# Movie mistakes anyone??



## Dude111 (Aug 6, 2010)

http://web.archive.org/web/20070317164304/http://www.videotiger.com/vids/abunchofmoviemistakes.wmv

I have only seen 3 movies listed in this: Commando,The fugitive and Star wars


----------



## dpeters11 (May 30, 2007)

What movie doesn't have continuity or other errors? Even Rope has continuity errors.

http://www.moviemistakes.com/imdb250/pageall

You're missing out on some great movies, some of which you should be able to find on VHS


----------



## MysteryMan (May 17, 2010)

My favorite blooper is in the movie "Glory" (Civil War Epic). There's a scene where Morgan Freeman stops and talks to a group of young boys. As he's leaving them they raise their hands and cheer. On the wrist of one of the boys is a digital wrist watch.


----------



## dpeters11 (May 30, 2007)

That reminds me of the supposed woman using a cell phone in a Charlie Chaplin movie.

http://blog.chron.com/techblog/2010/10/did-charlie-chaplin-film-a-cell-phone-in-1928/


----------



## Cyber36 (Mar 20, 2008)

Watch the Clint Eastwood movie "Hang Em High" & see how many you can spot.


----------



## Macauboy (Dec 16, 2013)

You can slap me for my post but I am new to this forum so don't know where to post. I travel between Vermont, Florida and central Mexico. I would like a satellite company where I can received internet and TV in my travels.


----------



## MysteryMan (May 17, 2010)

Cyber36 said:


> Watch the Clint Eastwood movie "Hang Em High" & see how many you can spot.

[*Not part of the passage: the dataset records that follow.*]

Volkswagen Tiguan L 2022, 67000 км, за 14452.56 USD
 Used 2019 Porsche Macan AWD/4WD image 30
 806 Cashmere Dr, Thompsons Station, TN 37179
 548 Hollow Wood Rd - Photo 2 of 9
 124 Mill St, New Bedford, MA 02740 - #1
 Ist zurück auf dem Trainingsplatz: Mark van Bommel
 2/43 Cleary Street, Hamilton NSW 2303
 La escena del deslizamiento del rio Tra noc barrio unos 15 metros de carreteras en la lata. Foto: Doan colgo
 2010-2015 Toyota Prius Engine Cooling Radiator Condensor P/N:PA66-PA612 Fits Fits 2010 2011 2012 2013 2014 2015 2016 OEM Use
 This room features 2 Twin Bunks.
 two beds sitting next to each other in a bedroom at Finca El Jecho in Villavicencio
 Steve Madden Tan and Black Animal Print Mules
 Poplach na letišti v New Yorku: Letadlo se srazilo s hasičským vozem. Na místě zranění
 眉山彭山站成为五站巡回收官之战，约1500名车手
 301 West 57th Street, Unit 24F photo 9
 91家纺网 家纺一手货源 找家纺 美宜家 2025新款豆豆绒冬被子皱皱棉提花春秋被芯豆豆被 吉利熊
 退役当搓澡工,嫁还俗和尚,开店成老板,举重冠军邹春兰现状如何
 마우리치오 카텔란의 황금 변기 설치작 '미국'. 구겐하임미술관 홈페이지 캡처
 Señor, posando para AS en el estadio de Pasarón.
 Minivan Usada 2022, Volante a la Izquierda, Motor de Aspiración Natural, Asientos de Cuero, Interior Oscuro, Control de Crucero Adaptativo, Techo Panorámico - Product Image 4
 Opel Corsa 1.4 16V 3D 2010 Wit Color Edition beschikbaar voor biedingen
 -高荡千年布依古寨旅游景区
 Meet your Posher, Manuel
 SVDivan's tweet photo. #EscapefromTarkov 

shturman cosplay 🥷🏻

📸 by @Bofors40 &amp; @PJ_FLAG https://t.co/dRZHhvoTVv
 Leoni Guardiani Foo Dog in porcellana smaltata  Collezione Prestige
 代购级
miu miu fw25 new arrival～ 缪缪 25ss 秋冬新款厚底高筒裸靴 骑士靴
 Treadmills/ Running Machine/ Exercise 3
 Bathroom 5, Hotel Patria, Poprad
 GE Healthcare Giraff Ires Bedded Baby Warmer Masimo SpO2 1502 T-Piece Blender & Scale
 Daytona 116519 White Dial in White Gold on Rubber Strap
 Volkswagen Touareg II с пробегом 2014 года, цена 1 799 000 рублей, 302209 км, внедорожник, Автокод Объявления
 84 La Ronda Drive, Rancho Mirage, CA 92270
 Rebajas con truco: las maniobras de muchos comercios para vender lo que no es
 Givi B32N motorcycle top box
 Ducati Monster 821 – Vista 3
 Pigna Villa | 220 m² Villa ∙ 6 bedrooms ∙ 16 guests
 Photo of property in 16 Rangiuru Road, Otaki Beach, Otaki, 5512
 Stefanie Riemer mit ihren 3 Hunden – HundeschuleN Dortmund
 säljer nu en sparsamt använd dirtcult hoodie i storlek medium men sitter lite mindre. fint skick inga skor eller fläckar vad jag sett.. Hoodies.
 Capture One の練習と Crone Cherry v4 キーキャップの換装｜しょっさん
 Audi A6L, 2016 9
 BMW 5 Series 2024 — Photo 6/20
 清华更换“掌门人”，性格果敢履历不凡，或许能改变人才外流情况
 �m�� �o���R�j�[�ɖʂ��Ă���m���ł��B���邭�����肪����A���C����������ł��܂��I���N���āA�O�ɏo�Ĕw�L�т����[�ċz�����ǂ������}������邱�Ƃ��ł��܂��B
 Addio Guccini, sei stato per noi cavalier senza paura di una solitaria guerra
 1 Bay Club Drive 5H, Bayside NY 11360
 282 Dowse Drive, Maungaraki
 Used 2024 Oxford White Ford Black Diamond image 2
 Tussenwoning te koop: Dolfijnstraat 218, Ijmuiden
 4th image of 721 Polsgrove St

Most notable is the multiple hanging scene where one guy's arms go from behind his back to over his head as he goes through the trap door.


----------



## Dude111 (Aug 6, 2010)

dpeters11 said:


> That reminds me of the supposed woman using a cell phone in a Charlie Chaplin movie.


Its very strange isnt it?

It sure LOOKS LIKE she is talking with it


----------